Hands-Free v2 to teleoperate robotic manipulators: three axis precise positioning study

HANDS-FREE V2

The idea of this thesis project is to improve the already developed teleoperation system presented at Ubiquitous Robotics by implementing the z-axis control. In fact, the original system only performed a xy teleoperation allowing users to move the end-effector of the robot to the desired position determined by the index finger keypoint extracted by OpenPose. However, a more interesting application also integrates a precise z-axis control and a trajectory planner, which are the key improvements of this version as seen in Fig. 1.

Fig. 1 - Concept of Hands-Free v2. By analyzing the hand skeleton using OpenPose it is possible to extract the index finger position over time to build a complete trajectory. The points are interpolated by the ad-hoc interpolator and the final trajectory is sent to the ROS node of the Sawyer robot.

SETTING UP THE SYSTEM

Due to the COVID-19 pandemic restrictions, this project has been carried out using ROS Gazebo to reproduce the laboratory set-up already seen for Hands-Free v1. The camera adopted is a consumer-end RGB camera that has been calibrated following the standard procedure described in Hands-Free v1 paper. The robot calibration has been similarly performed by setting up a simulated environment as shown in Fig. 2.

Fig. 2 - Example of the robot calibration procedure carried out into the simulated Gazebo environment.

BUILDING THE TRAJECTORY

The trajectory builder is an extension of the capabilities of the old version of the software, hence it only works in 2D considering the user frame (xy plane) and the vertical robot frame (zy plane). The procedure to use this application is the following and may be seen in the video below:

  1. Users place their hand open on the user frame in order to detect the “hand-open” gesture. This allows the system to reset the variables and move the robot to its home pose (Fig. 3)
  2. After the initialization phase, users may move their hand around the user frame performing the “index” gesture (with both thumb and index finger opened). The index finger position is extracted considering keypoint 8. Only positions which differ from the preceding one of at least 5 px are retained. Moreover, each position is extracted as the mean position detected over N consecutive frames.
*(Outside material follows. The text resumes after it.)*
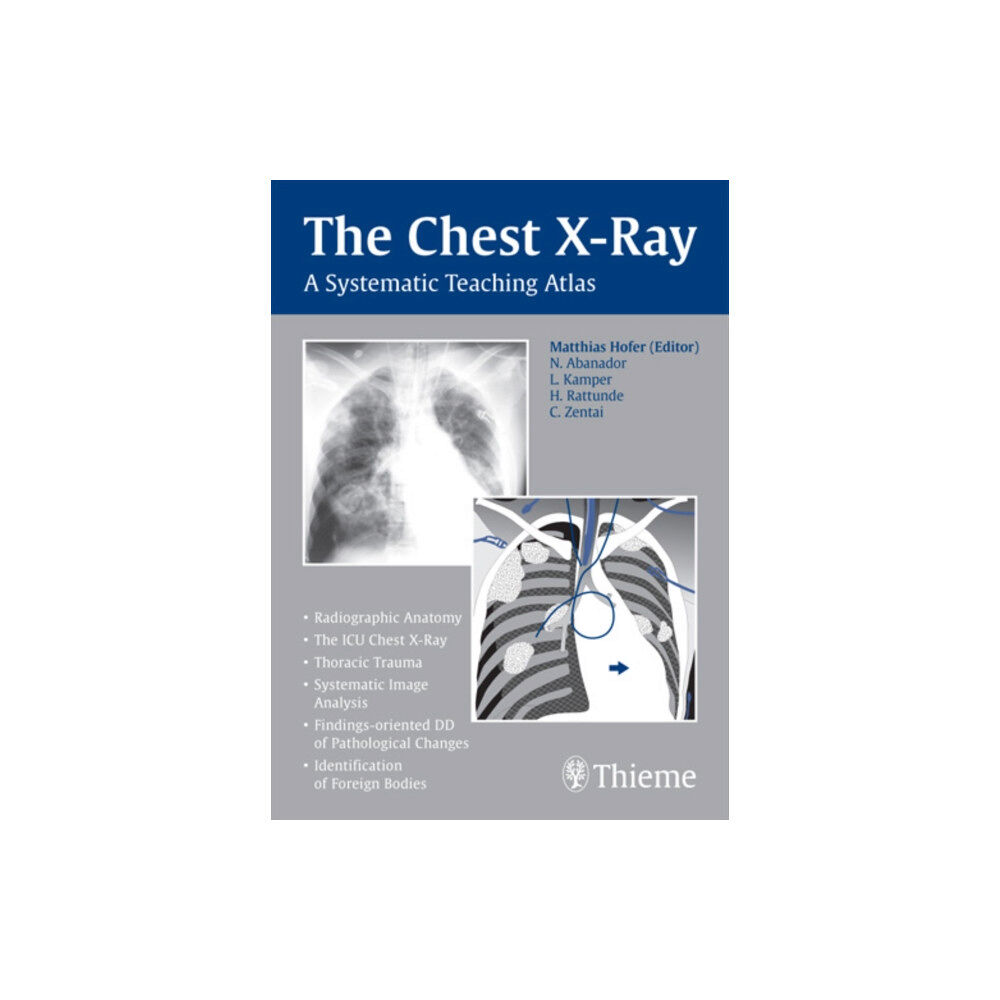 Thieme Publishing Group The Chest X-Ray (häftad, eng)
In this case, we set N = 3 (Fig. 4)
  3. The detected trajectory points are filtered and interpolated according to the ad-hoc interpolator developed. The resulting trajectory may be sent to the robot if the “move” gesture is performed (with index and middle fingers opened, see Fig. 5).
Fig. 3 - Example of the initialization phase performed by using the "hand-open" gesture.
Fig. 4 - Example of the definition of a trajectory by performing the "index" gesture. The trajectory points are saved and filtered according to their position with respect to the preceding point.
Fig. 5 - Example of the launch of the interpolated trajectory, performed by using the "move" gesture.

Z-AXIS CONTROL

To control the manipulator along the z-axis (which in this set-up corresponds to the robot’s x-axis) three different modalities have been studied and implemented. For now, however, the depth control is still separate from the trajectory planner.

KEYBOARD

Intuitively, by using this mode the robot may be moved home (h), forward (w), or backward (s) according to the pressed key of the keyboard. The stepsize of its movement is fixed. By pressing ctrl+c or esc it is possible to exit the modality and close the communication with the robot.
 

FINGERS DISTANCE

In this modality, the core functions of Hands-Free are retained in order to detect the hand gestures. However, in this case, only the “hand-open” gesture and the “move” gesture are detected. By checking the mutual distance between the two fingers of the “move” gesture it is possible to detect if the robot should move forward (small distance up to zero) or backward (higher distance, corresponding to the original “move” gesture with the two fingers quite separate from each other). An example of this modality may be seen in the video below.
 

KAI SENSOR

The last modality implements depth control by leveraging the Vicara Kai wearable sensor. The sensor should be wear on the hand and, according to the detected orientation of the opened hand, it is possible to determine if the robot should stay still (hand parallel to the ground), move forward (hand tilted down), or backward (hand tilted up).

RELATED PUBLICATION

C. Nuzzi, S. Ghidini, R. Pagani, S. Pasinetti, G. Coffetti and G. Sansoni, “Hands-Free: a robot augmented reality teleoperation system,” 2020 17th International Conference on Ubiquitous Robots (UR), Kyoto, Japan, 2020, pp. 617-624, doi: 10.1109/UR49135.2020.9144841.